Stock Valuation and Toyota

Stock valuation is one of those really important basics if you're trying to invest safely. And this applies not only to stocks, but also to index funds and, well, everything else. You don't want to buy stuff that's overpriced. Duh.

Most people aren't willing to put the work into figuring out if their stock is for sale at a good price. Last week, I used the example of Toyota's problems to illustrate the problem of making unrealistic assumptions in your personal financial planning. Now let's use Toyota's problems to help us understand the importance of stock valuation. We'll start with a simple ratio that's been a pretty good indicator of whether a stock is overpriced or underpriced: P/E ratios.

You can find a stock's P/E ratio on the internet at Yahoo Finance. Just put in the stock symbol and then click on "key statistics." You'll see "Trailing P/E" under the heading "Valuation Measures." You want the "trailing" P/E that Yahoo provides, not the "forward P/E." The reason is that "trailing" is based on last year's actual numbers, whereas "forward" is based on an estimate - sometimes not much more than a guess.

Historically, when a P/E is less than 15, the stock's on the cheap side. When it's over 15, it's more expensive. You wouldn't necessarily make your decision to buy or sell a stock based just on the P/E, but I consider it an important input when I'm making such decisions.

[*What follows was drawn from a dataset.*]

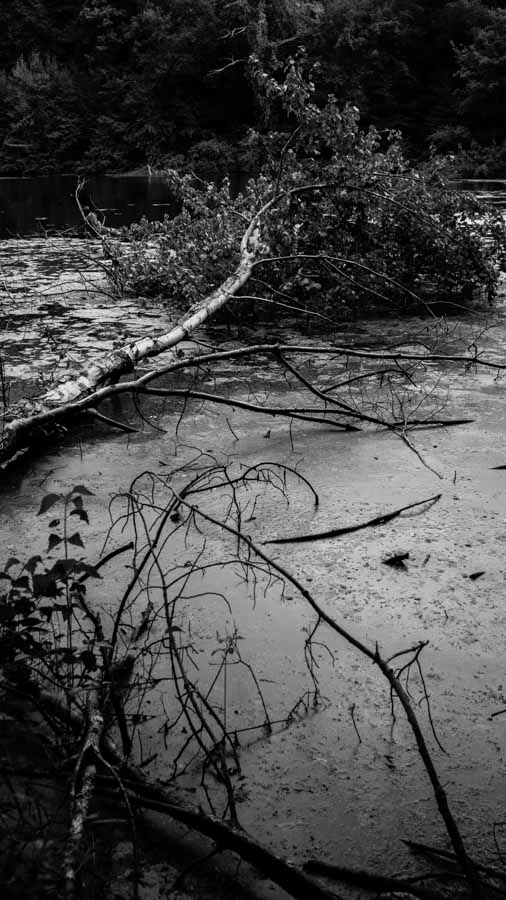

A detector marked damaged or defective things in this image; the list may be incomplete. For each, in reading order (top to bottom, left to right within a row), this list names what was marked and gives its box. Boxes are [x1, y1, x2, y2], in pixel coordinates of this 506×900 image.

The thing about these sorts of ratios is you've got to do some number crunching - a real necessity when it comes to stock evaluation and essential if you want to invest safely. If you don't like crunching numbers, get someone to do it for you. The bottom line is the number crunching pays off because sometimes number crunching is the only way to get at the truth.

Which brings us to Toyota and its recent problems. Toyota's definitely in the hot seat. The media and those Congressional hearings saw to that. They got there because of accusations that they have "sticking accelerator" problems. But it wasn't just the sticking accelerator problems that created the real problem - it was the 34 people who've died in accidents allegedly caused by sticking accelerator problems.

People dying certainly - and understandably - focused everyone's attention. But hold on a minute. I just looked at some interesting number crunching that's questioning whether all the hoopla has any merit.

Basically, an analyst I use did some number crunching and concluded that your Toyota is just fine. While he admitted 34 deaths would normally be cause for concern, he noticed that you have to go all the way back to 2000 to come up with the number. That got him thinking.

Based on those 8.5 million cars recalled in the U.S., and assuming the owners drive an average of 10,000 miles per year (a low estimate), you get those Toyotas logging about 85 billion miles per year. Over ten years, you're at 850 billion miles. That makes the chance of one of those Toyota owners having one of those accidents about 1 in 2.5 million - which statistically makes it a random event.

Of course, this doesn't minimize the fact that people died in an accident. But if the accident was a random occurrence, you can question all the time and effort being put into dealing with something whose occurrence is less than your chances of being hit by lightning. In fact, you have a lot better chance of shooting a hole in one in golf.

But while the number crunching seems to call into question the whole basis of the Toyota investigation, Toyota's going to suffer nonetheless - both its sales and its stock price - at least in the short run.

So what can our Toyota story teach us about stock valuation? In spite of the best due diligence, stocks will sometimes head down in the face of all the evidence. There's nothing more frustrating than spending time doing your due diligence, finding a stock that's cheap, and has great prospects for the future, then watching it go down - in spite of all your diligent number crunching. It's one of the things that can make managing your investments frustrating.

So can we conclude anything from all this? Sure. Don't rely strictly on stock valuation when making your buy and sell decisions. And if you own a Toyota (as I do), I'm guessing the cars are just fine in spite of all the hub-bub. In spite of that, make sure you take the thing in to get fixed if you do get a recall notice so that you don't invalidate your warranty.